The value of nothing

Here is the question; What is the value of nothing?

My answer; observe your hand. What are you holding in it? Nothing. Nothing, that is, except possibility. The possibility to create, destroy, reform. The possibility to shape your very existence. So my answer to the question of What is the value of nothing is this; possibility. What do you think?

Nothingness in itself has no value, can have no value, for it isn’t there. You don’t hold nothing in your hand, unless you are being poetic. Nothing, as a concept, means a situation of lack. …and it always implies a lack of something in particular. Nothing is always short for “no X.” There are situations where “no X” is good and also situations where “no X” is not a good thing. The value of nothing is indeterminate.

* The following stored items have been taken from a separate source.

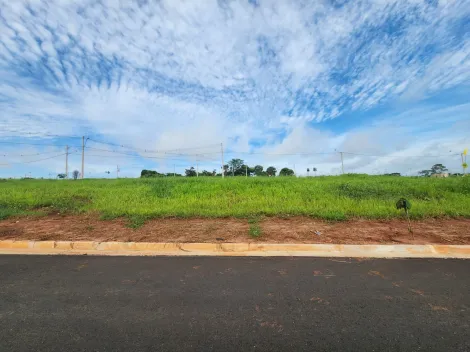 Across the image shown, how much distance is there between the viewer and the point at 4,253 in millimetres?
5809

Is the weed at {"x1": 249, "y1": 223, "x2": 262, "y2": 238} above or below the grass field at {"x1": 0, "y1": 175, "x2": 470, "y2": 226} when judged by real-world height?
below

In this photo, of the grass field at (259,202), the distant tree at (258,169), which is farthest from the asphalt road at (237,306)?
the distant tree at (258,169)

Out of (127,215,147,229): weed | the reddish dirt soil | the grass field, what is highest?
the grass field

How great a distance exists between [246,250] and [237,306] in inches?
108

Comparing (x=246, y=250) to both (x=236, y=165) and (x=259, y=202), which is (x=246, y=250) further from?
(x=236, y=165)

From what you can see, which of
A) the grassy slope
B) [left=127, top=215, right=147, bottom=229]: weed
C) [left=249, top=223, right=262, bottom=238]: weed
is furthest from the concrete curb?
the grassy slope

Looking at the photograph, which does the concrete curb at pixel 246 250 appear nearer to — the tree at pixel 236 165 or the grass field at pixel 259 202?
the grass field at pixel 259 202

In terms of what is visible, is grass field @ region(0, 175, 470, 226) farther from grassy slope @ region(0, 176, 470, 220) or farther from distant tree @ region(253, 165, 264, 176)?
distant tree @ region(253, 165, 264, 176)

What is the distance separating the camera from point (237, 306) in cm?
304

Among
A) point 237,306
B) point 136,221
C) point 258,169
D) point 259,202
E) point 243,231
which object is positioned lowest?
point 237,306

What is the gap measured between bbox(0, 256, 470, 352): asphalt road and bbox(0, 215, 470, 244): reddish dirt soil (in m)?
1.63

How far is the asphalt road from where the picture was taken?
7.78 ft

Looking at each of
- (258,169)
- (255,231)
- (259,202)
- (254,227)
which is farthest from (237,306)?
(258,169)

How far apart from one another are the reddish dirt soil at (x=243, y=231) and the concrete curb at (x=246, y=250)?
0.34 metres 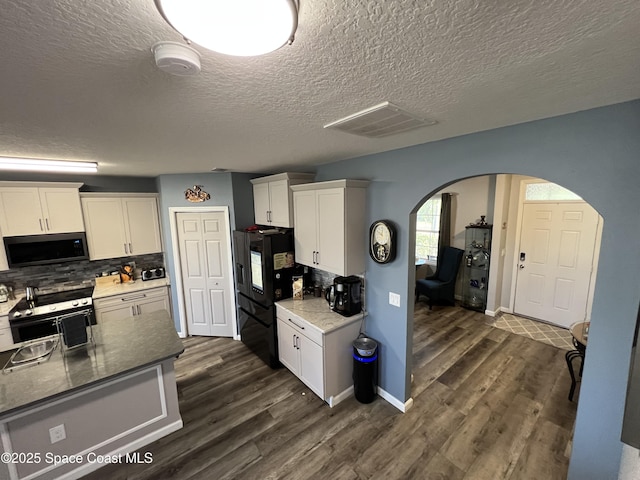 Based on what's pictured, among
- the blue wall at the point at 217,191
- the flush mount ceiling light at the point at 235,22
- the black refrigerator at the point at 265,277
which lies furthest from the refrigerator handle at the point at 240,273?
the flush mount ceiling light at the point at 235,22

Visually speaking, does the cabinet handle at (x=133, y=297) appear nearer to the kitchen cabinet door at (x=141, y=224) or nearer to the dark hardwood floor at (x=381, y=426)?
the kitchen cabinet door at (x=141, y=224)

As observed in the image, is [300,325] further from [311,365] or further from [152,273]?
[152,273]

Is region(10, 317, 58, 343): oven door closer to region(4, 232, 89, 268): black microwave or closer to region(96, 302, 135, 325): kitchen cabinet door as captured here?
region(96, 302, 135, 325): kitchen cabinet door

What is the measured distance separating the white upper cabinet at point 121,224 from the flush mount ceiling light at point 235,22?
4.15 m

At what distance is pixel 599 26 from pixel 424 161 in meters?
1.50

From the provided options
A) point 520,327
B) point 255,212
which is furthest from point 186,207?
point 520,327

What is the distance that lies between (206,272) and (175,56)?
3704 mm

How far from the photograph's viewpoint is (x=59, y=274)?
374 centimetres

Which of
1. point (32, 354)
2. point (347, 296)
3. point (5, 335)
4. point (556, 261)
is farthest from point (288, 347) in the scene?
point (556, 261)

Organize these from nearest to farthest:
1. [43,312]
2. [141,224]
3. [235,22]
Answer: [235,22] < [43,312] < [141,224]

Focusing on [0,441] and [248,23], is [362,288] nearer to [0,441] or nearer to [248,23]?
[248,23]

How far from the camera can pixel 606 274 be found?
58.9 inches

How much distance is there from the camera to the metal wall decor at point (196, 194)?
390 centimetres

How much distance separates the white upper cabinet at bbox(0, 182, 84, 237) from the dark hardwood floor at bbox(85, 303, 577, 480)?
2384 millimetres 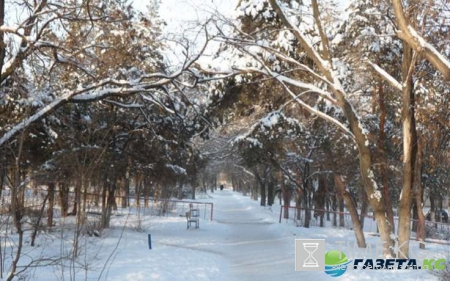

As per your example, possibility, we are in this case talking about a lack of constraints. There are, however, some possibilities that we do not want to happen. I don’t think human beings are open to all possibilities. So this lack can be good or bad and the only way to determine the value of nothing is to define a context.

The value of nothing is…

Wait for it…

Nothing. It has no value.

*Refer to Parmenides.

I beg to differ. Questions of this ilk neglect that air itself is something. You are in fact holding something primarily composed of nitrogen, oxygen, argon and co2.

To say “I am” implies “I was not”, “I might not have been”, “I may not be”, “I will not be”.

The rest is just sheer conjecture.

There’s a lot of philosophy gone drunk on itself when it comes to nothing.

It’s a linguistic marker, in a context. Philosophers come alone and get their knickers in a twist because they need to know the essence of every word, the eternal form that corresponds to The Concept. It’s like having a problem with the word “I” because it refers to different people depending on who’s speaking.

Nothing is nothing-in-context. We live in a physical continuum (certainly to all intents and purposes in daily life); we break bits of it off and fit them into concepts and names. The bits left over that we aren’t talking about fall under “nothing” - I’ve nothing in my pockets. The bits that aren’t the concepts and names at hand are similarly nothing - I mean nothing by this. The value of it is that we don’t have to talk about everything, all of the time.

It’s a namebadge for the not-at-hand.

hey O_H,

I think what we’re saying is pretty close, if not exactly the same thing. Do you see any difficulties with what I said above?

i think possibility requires something

Well, it’s hard to gather from this whether that’s a good thing or a bad thing. Like Fuse pointed out, it could be the possibility for horrible awful things. This idea seems to depend on what you mean by “value”. It’s not clear that possibility counts as value as in “good” or “bad” - but there are other sense of the word “value” - for example, in algebra, we ask what is the value of some variable x, and the answer may be 5 or something like that. We ask what the value is of some piece of merchandice, and the answer is, say, $15.95.

There is also the question, again brought up by fuse, of whether there are any constraints on the possibilities at hand. If in your hand you hold nothing, you can certainly rule out the possibility of magically causing an object to suddenly appear there, but then there is the possibility of using that hand to reach out for an object and fill it into the empty space. Again, however, the issue gets complicated by the question of whether this possibility stems from the emptiness itself or from your hand, which was always there, engaging with an object, which also was always there. The object which it ends up hold doesn’t pop out from the emptiness ex nihilo. But it’s true that the emptiness does allow for the possibility of an object taking its place.

Oh, I thought he had infinity in his hand. :slight_smile:

True … and it’s value is also to appreciate and be grateful for the ‘somethings’ which we have.
It also teaches the value of ‘emptiness’ - creating that space within that needs to remain as ‘nothing’.
So, one may say that there is no such thing as ‘nothing’.